Knowledge — 6 months ago

Need a Mortgage? Find Out the Mortgage Definition

by Eddie V.

Mortgage, Mortgage Definition, Mortgage Calculator

What is a Mortgage? What Do I Need to Know?

A mortgage is a loan taken to buy land or a home. The average cost of a house in the US is $200,000. The average salary is $81,400, showing that most people would find it difficult to afford a house. Therefore, it makes sense to take a mortgage and repay it over a period of time, keeping aside a part of the monthly income to clear the loan.

The mortgage is a secured loan, that is taken against the home or land. Usually, a mortgage is taken for a period of 25 years. However, in practice, most loans may be for a lesser period or even maybe for 30 years. Banks and other lending institutions offer the mortgage. Alternative sources are also available.

How it works

A mortgage is a loan taken for a home or land for its value. A part of the amount, called as the down payment has to be made in advance to the lender. Usually, it is around 20% of the mortgage or loan value. For example, if you buy a house for $200,000 you have to pay $40,000 as down payment. Lesser down payments are also possible, in fact down payment of only 5% is available in certain cases.

Mortgage Calculator

The balance amount has to be repaid over the term of the mortgage. Interest has to be paid to the lender. The interest rate may be fixed or decided in advance. It may also be variable or floating as is changed depending on the market rate. The principal amount and the interest has to be repaid monthly till the entire loan and interest is cleared.

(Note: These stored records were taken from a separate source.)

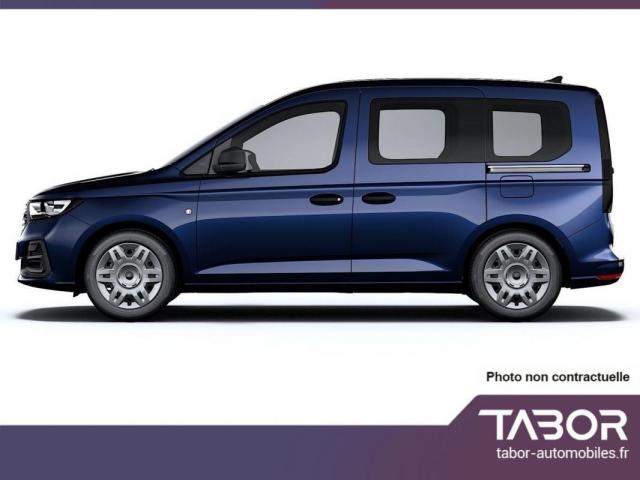Ford Tourneo Connect image 4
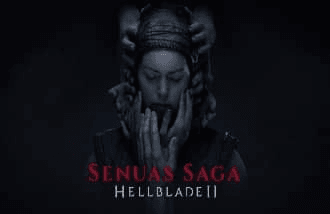 Senua's Saga: Hellblade II gift card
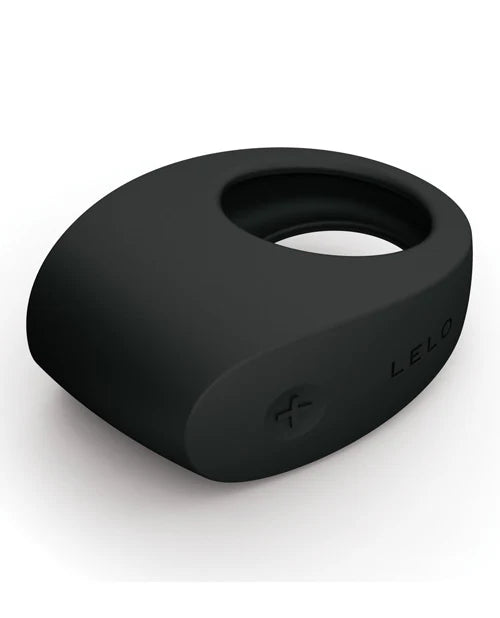 The LELO TOR 2 in Black | Kinkly Shop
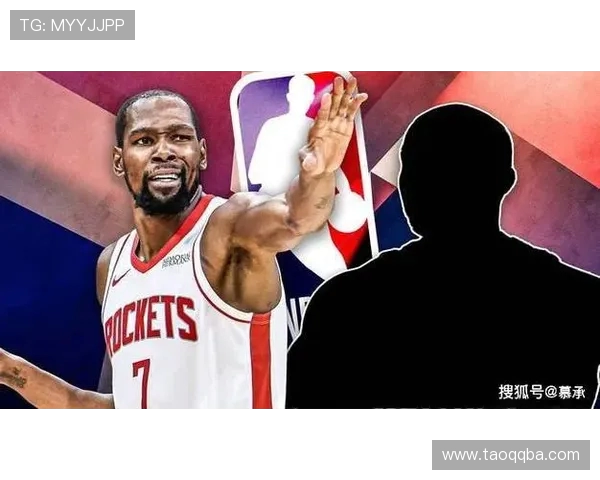 KD谈全明星：球迷媒体总需寻找抱怨的理由与儿时感受的缺失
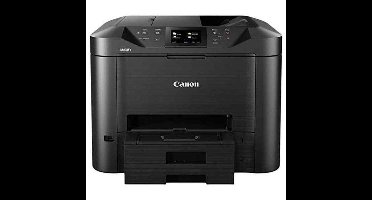 Multifunctionele Printer Canon 0971C009 24 ipm 1200 dpi WIFI Fax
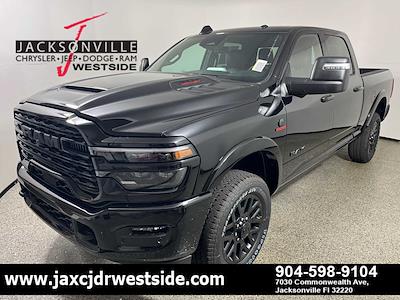 2025 Ram 2500 Crew Cab 4WD Pickup for sale #G581185 - photo 1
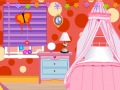 Princess Room Makeover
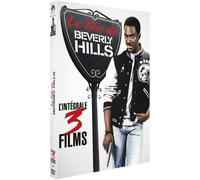 Le Flic de Beverly Hills-L'intégrale 3 Films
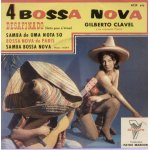 Desafinado - samba bossa nova / samba de uma nota so - bossa nova de paris Desafinado - samba bossa nova / samba de uma nota so - bossa nova de paris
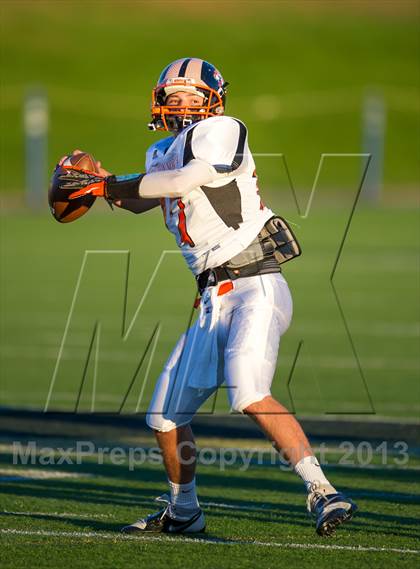 Thumbnail 2 in Newton North @ Needham photogallery.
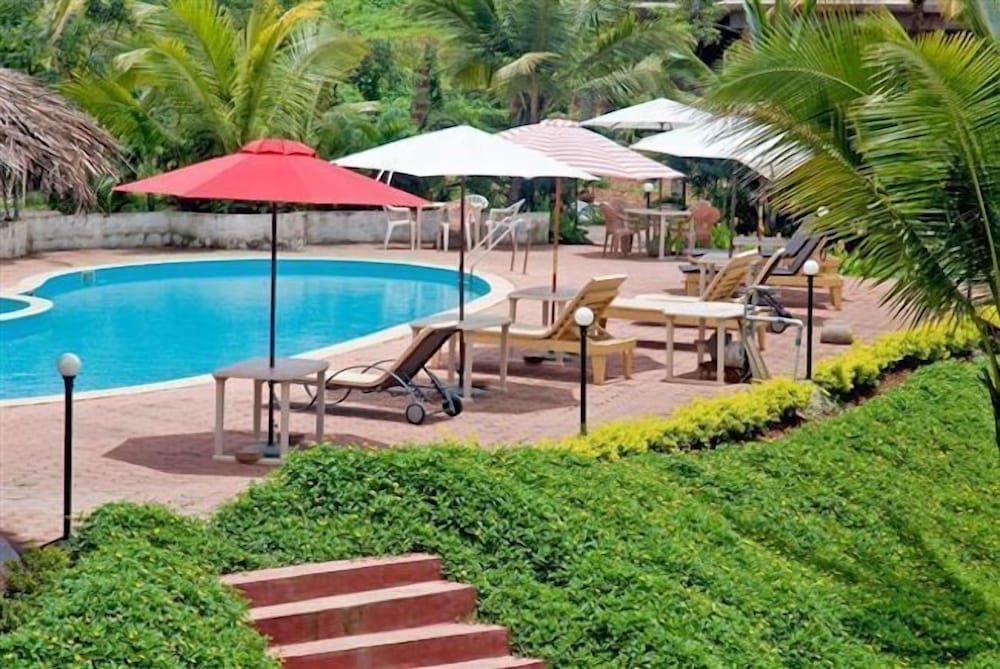 Фото Peace Valley Hotel Apartments & SPA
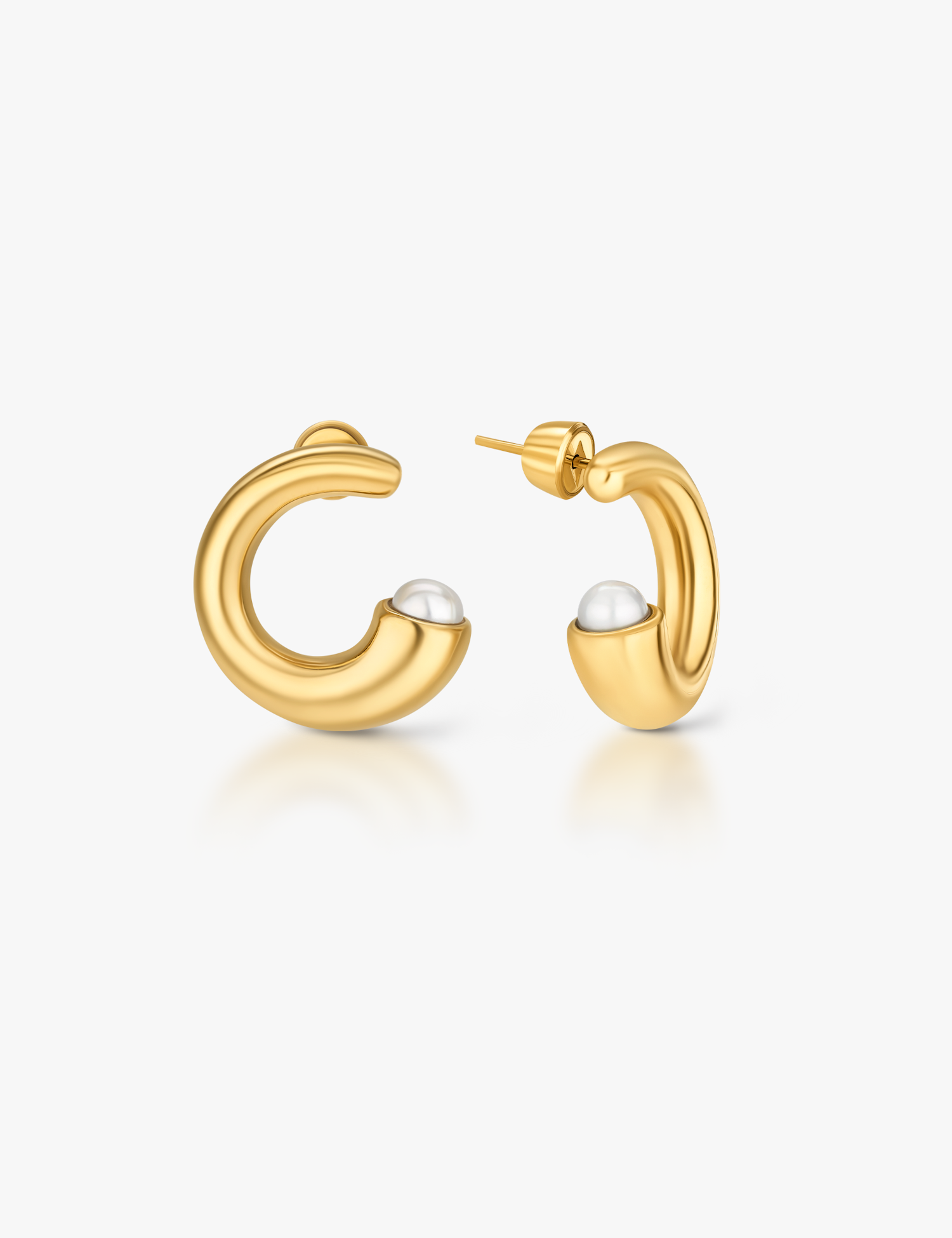 Earrings Marea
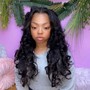 Full Sew In Minimum Leave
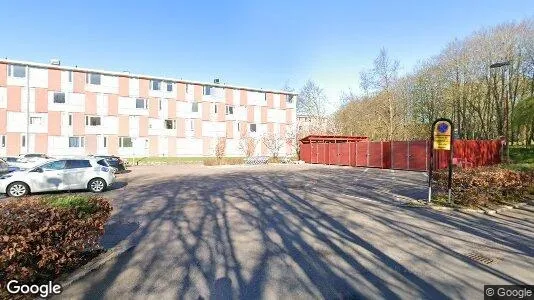 Rooms for rent in Lund - Photo from Google Street View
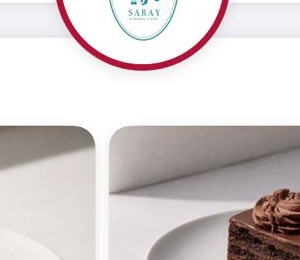 Individual Chocolate Cake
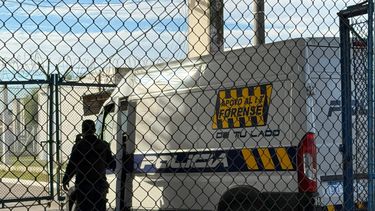 Un recluso de 25 años murió tras una riña con otro interno de nacionalidad brasileña en el ex Comcar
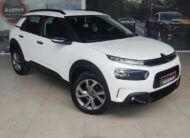 Citroen C4 Cactus Feel 1.6 Automático 2023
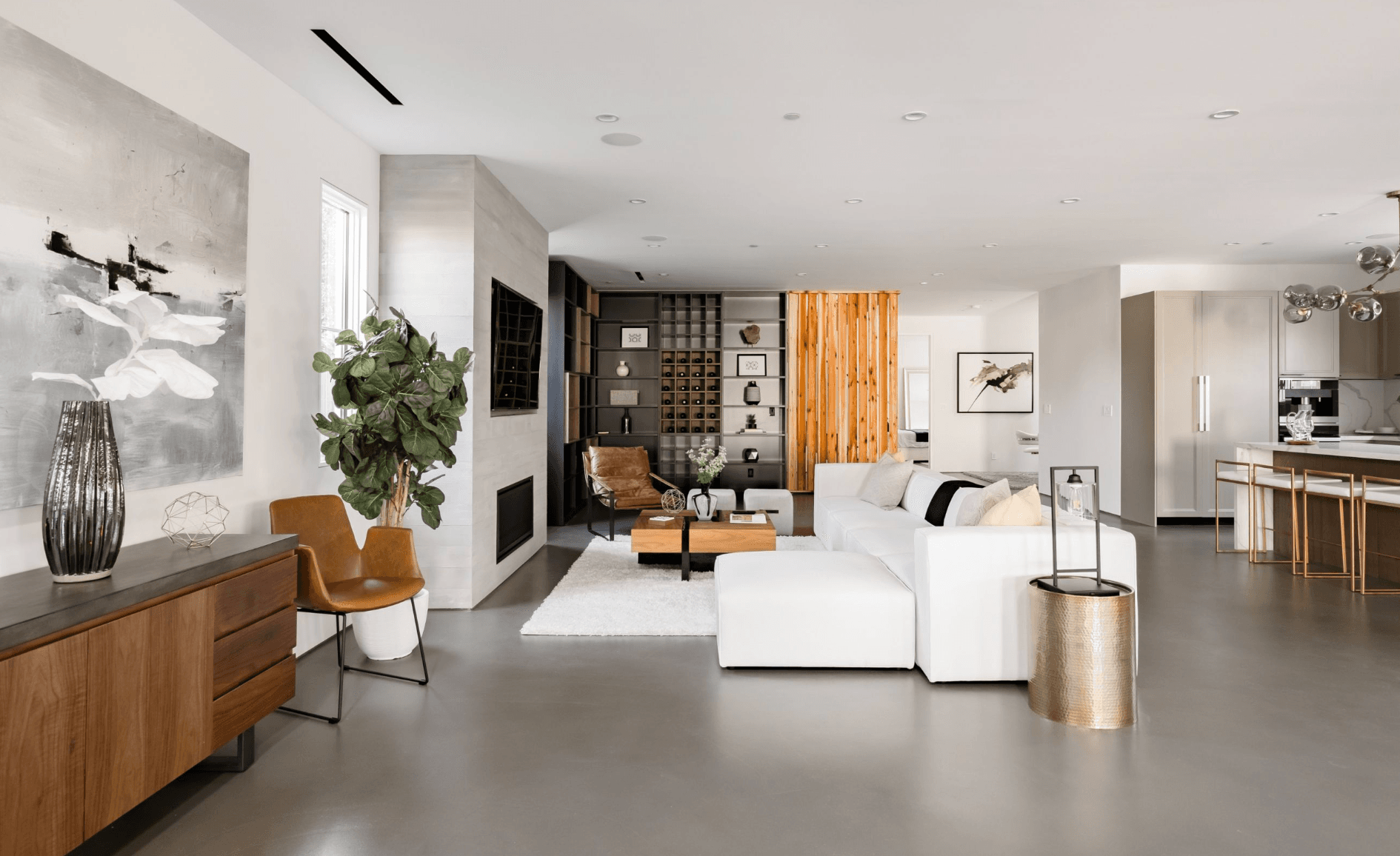 Décoration et ameublement : transformez votre villa en location de luxe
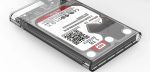 باکس هارد و SSD اوریکو مدل 2139U3 - تصویر 3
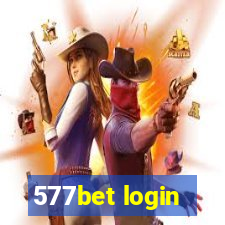 577bet login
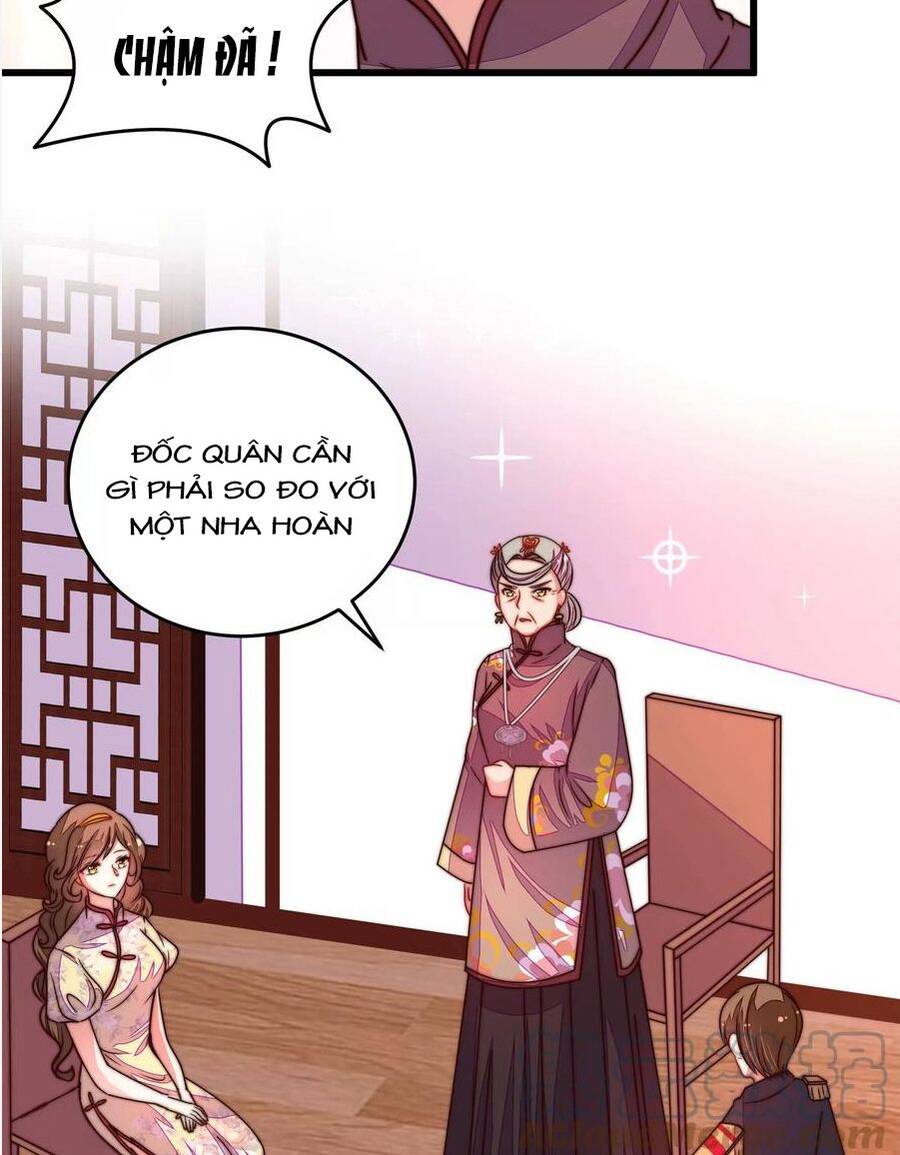 Ngày Nào Thiếu Soái Cũng Ghen Chapter 546 - 6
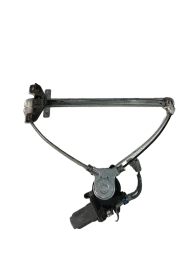 MÁQUINA VIDRO TRASEIRA ESQUERDA HONDA CIVIC 2004 CX568M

The property is taken as a collateral, if you default on payment, the lender can sell the house and recover his dues. This is called foreclosure.

How can you get a mortgage?

Mortgages are offered usually by banks. Wells Fargo, Chase, Bank of America are the top lenders in the country. If you want a mortgage, then there are certain eligibility criteria you need to fulfill. Key criteria would be your credit score. The credit score is awarded by credit agencies based on your past history of loans and repayment of loans and bills. A score of 720 is an excellent score. A score of 660 should be enough to get a loan, but it varies from lender to lender. If you have a low credit score, then you may have to pay a higher interest rate.

You need to submit an application, where you have to disclose all your liabilities and list out your sources of income with documents to support it. The lender would examine your application and all the documents submitted before deciding on whether you grant you the loan or not. You may be called for a personal discussion before a decision is taken.

Mortgage components

When you take a mortgage you are paying the value of the home or the principal and the interest to the lender. You also have to pay taxes and insurance, which may be included in the mortgage. Generally, you will pay more of the interest first and later on, you will paying the principal.

Mortgage

Paying it back

You need to plan your household budget to ensure you pay the monthly payments on time, so you don’t default. On completion of the mortgage tenure, you would have repaid the entire loan with the interest and the property will not belong to you.

Government schemes

Government and other agencies offer mortgage scheme with lower down payment and interest. Do check out these schemes and make sure you avail of it if you are eligible.

A mortgage is a loan to buy a house or land, which you have to repay over a long period of time. The property will be yours once you repay the loan.